Öne Çıkan Yayın

Beni Her Yerde Bulun (BU YAZI BAŞA İLİŞTİRİLMİŞTİR)

İletişim için: semender101@gmail.com Şahsi blog: E, burası zaten. ~Gerektikçe güncellenecektir.~

19 Kasım 2018 Pazartesi

Hayatta nefret ettiğim bazı şeyler var. Para mesela... Para hakkında tuhaf bir şey var: Parasız, kendi kendinize yaşamak istiyorsanız öncesinde epey bir paranız olmalı ki arsa alın, ev yapım prosedürleri için gerekli ödemeleri yapın (proje çizeri, mimar filan, elli bin kişi dolaşmak lazım) -çadırda kalırım diyorsanız da dört mevsim iyi bir çadır almanız ya da büyük bir çadır yapmanız gerekiyor ki yine oldukça pahalı işler-, gerekli hayvancılık ve tarım izinlerini alıp tohum ve hayvan alın. Belki ormandan böğürtlen, ahlat vs. alabilirsiniz ama ormanda hem besi hayvanı bulamazsınız (bulduysanız da illaki sahibi vardır) hem de jandarmayla uğraşırsınız. Ha, yılkılar var güzel güzel, ben onlardan toplarım, derseniz ona bir şey diyemem bak. Tohuma gelmişken... Kısır olmayan ve dayanıklı yerli tohuma ihtiyacınız var ki onu da bazı yerlerden ücretsiz temin edebilirsiniz, aksi takdirde devamlı yeni tohum almanız gerekir ki onun için de haliyle paraya ihtiyacınız var. Yani sonuç: Eğer ormanda yaşamanın serbest olmadığı bir ülkedeyseniz (ki Türkiye öyle bir ülke) parasız yaşayabilmek için para bulmanız gerekir. Elektrik konusu opsiyonel, "Ben elektrikten de uzak dururum." diyebilirsiniz tabii ama elektriğe ihtiyacınız varsa güneş paneli almalısınız ki onda da evin yüzde bilmem kaçlık bir kısmını şebeke elektriğinizden sağlamanız, gerekli izinleri almanız, hat çektirmeniz gerekiyor. İnternete hiç girmedim bak dikkat ettiysen. Yani sonuç: Paradan uzaklaşmak için öncesinde paraya ihtiyacın var. Bu ne demek? Ancak zengin olursan bu çarktan çıkar canının istediğini yaparsın demek. Kapitalizme hoşgeldiniz...

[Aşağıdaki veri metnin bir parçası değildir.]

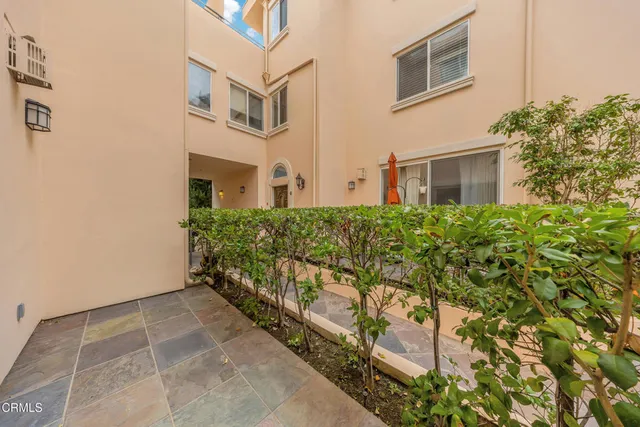 $4,300 | 4732 Radford Avenue, Unit 8, Valley Village, CA 91607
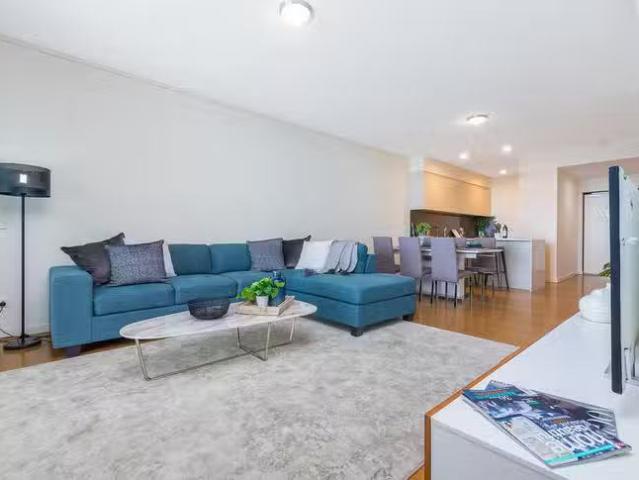 Apartment for rent in North Coogee, Western Australia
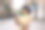 一个微笑的日本女孩一边打短信一边看着手机屏幕。图片下载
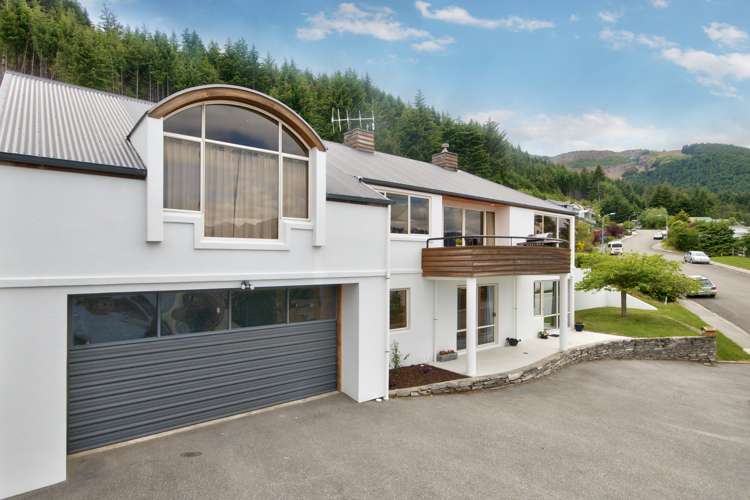 40 Greenstone Place Fernhill/Sunshine Bay_18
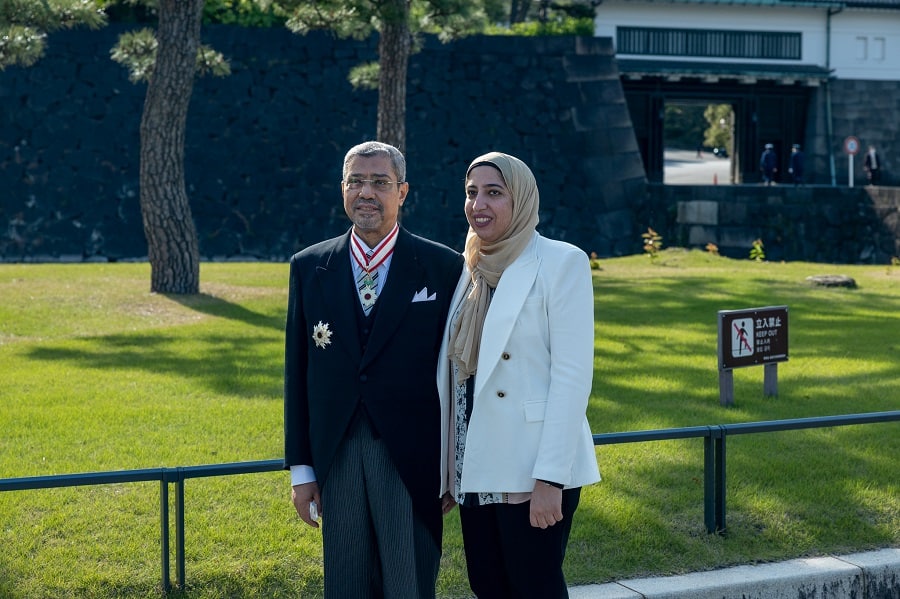 皇居前で記念撮影をするヒシャーム・バドル前駐日エジプト大使とご息女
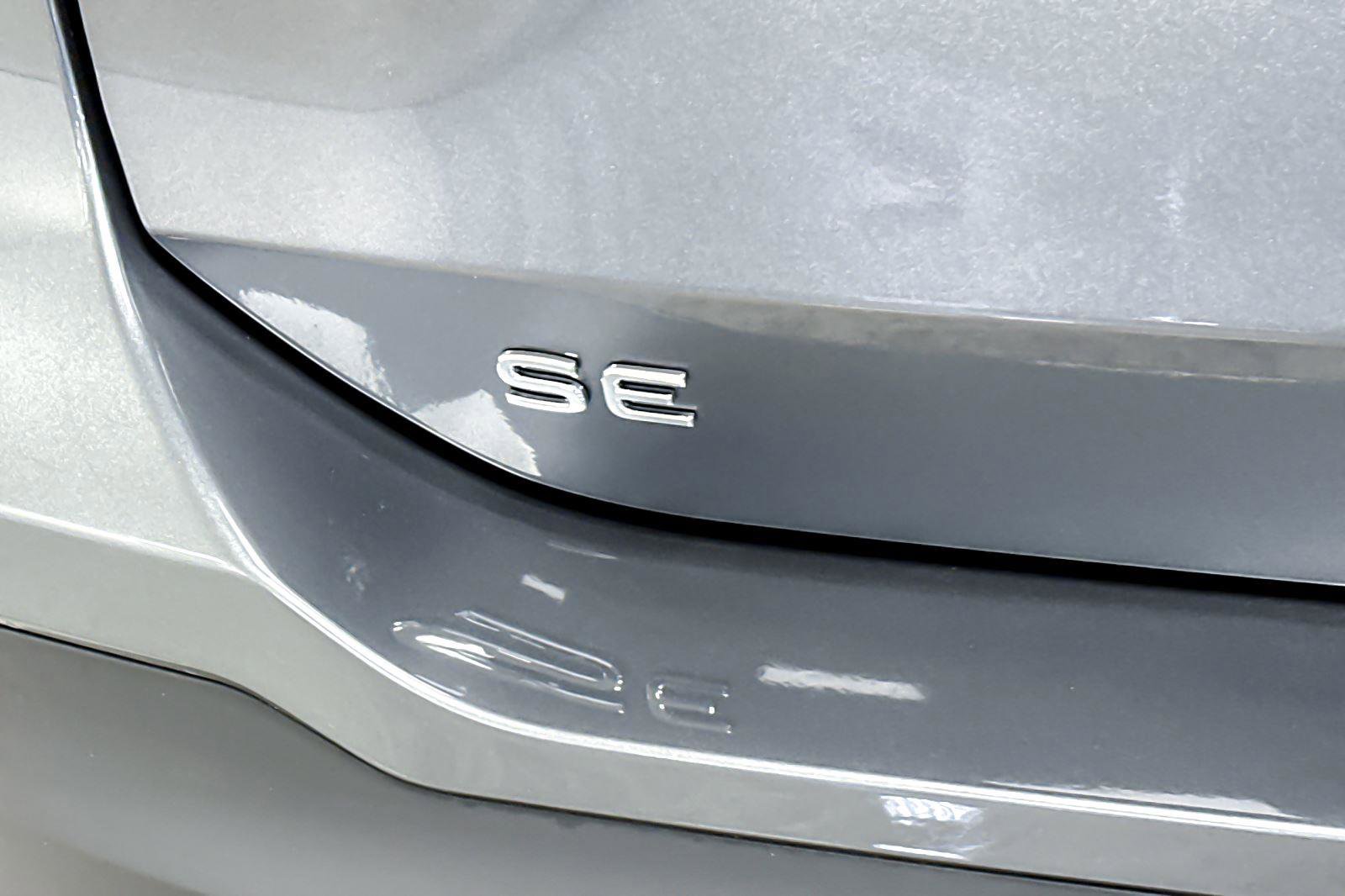 New 2026 Volkswagen Tiguan SE image 25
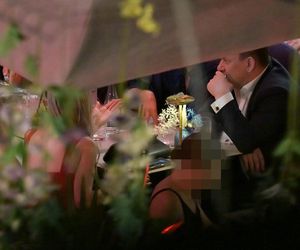 Joanna Krupa w objęciach Dominika Tarczyńskiego.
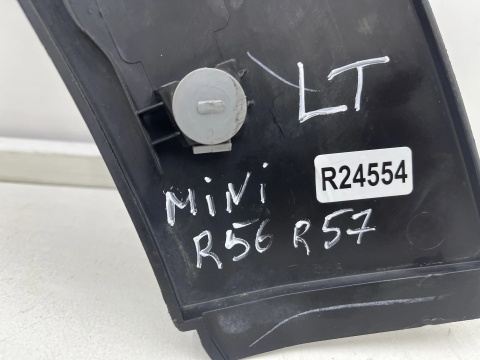Listwa Mini Cooper One R56 R57 R58 R59 07-14r. lewy tylny rant nadkola błotnika nakładka lewy tył 7157105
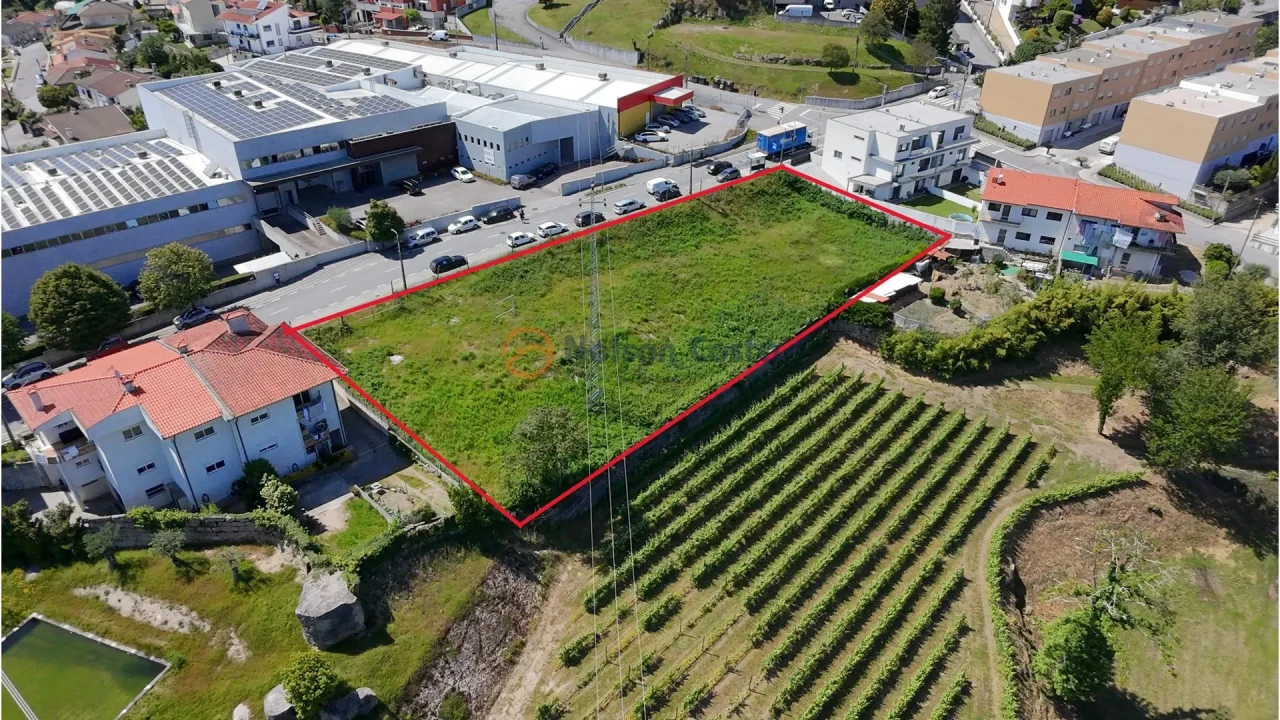 Terreno para Venda em Pencelo Foto 1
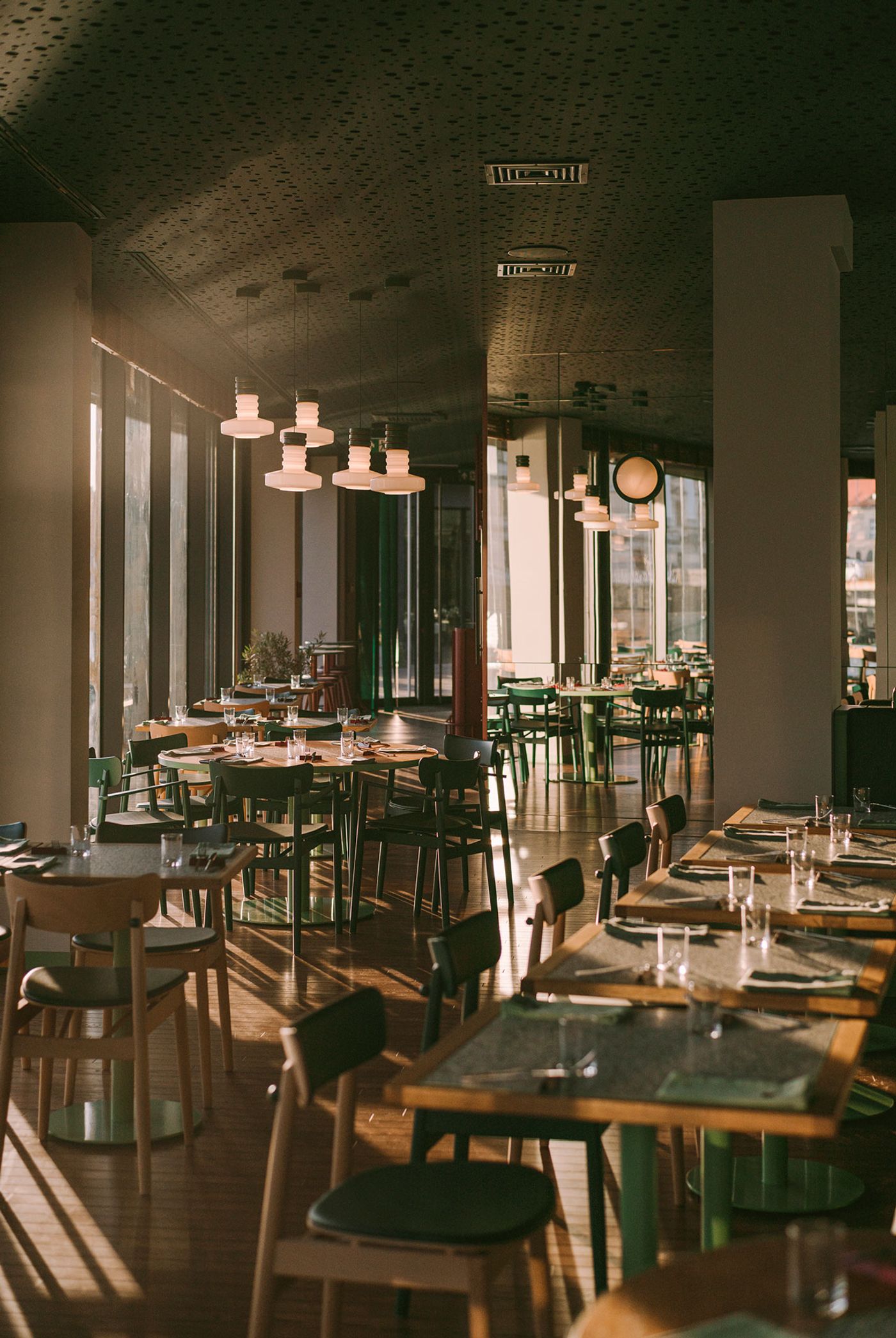 MARTIM restaurant by BUCK.STUDIO.
Photo by PION Studio. MARTIM restaurant by BUCK.STUDIO.
Photo by PION Studio.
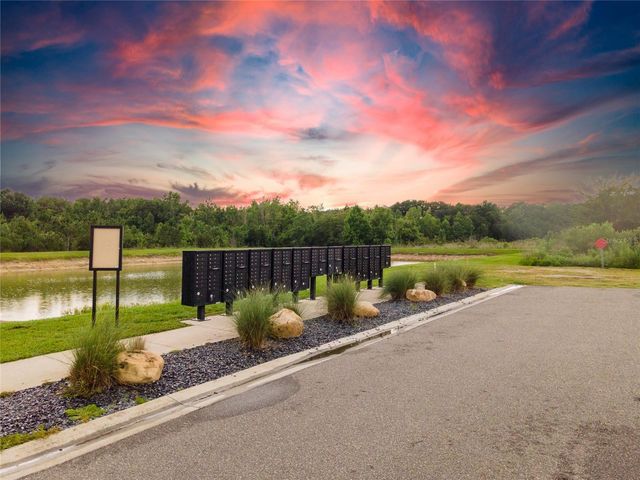 3303 ASHER MOON LANE, Zephyrhills, FL 33540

İkinci olarak kişisel gelişim kitapları, belki de en nefret ettiğim şeyler bunlar. Ulan senin demene ihtiyacım yok, senin orada yazdığın saçmalamaların hepsini zaten biliyorum ve yapabilsem yapardım. Yasa diye, toplum normları diye, aile faktörü diye, toplumsal yaşam diye şeyler var. İzole bir şekilde yaşamıyorsanız (bkz. üstteki para paragrafı) o dediklerini yapmanız, en azından tamamını yapmanız pratikte imkansız. Siz ne olursa olsun parayı götürdüğünüz için sallayıp geçiyorsunuz tabii, nasılsa canınızın istediğini zaten yapabiliyorsunuz.

Beton binalar, onlardan da nefret ediyorum. En çok ahşap binaları severim ama beton olmadığı sürece isterse çamurdan olsun.

MEB ve bir halt bilmediği halde yasa hazırlatılan sözde bilirkişilerden de nefret ediyorum. İşin ucundan kıyısından meraklı insan bile yasaların ne denli saçma sapan olduğunu fark edebiliyor ama ne hikmetse bu bilirkişiler fark edemiyor... Tarım, hayvancılık ve doğayla ilgili yasalar özellikle o kadar saçma sapan ki... Milleti tarımdan da hayvancılıktan da soğutmak, hayata küstürmek için hazırlanmış gibi. Eğitim sistemi zaten yalama olduğundan ona hiç girmiyorum.

Modern hayat ve toplumsal normlar... Bu ikiliden öylesine tiksiniyorum, öylesine nefret ediyorum ki... Hele bir de bir araya geldikleri bir çağda, ıyyy...

Daha başka şeyler de var nefret ettiğim ama şimdi gerek yok... Bir de ben depresif değilim bu aralar, ben ne depresif olacağım lan, kedi depresif... Tamamen ondan yani. Ne kedisi diyenleri internette "kedi özledi" diye aratmaya ve sonuçların çoğunu oluşturan filmi takmamaya davet ediyorum.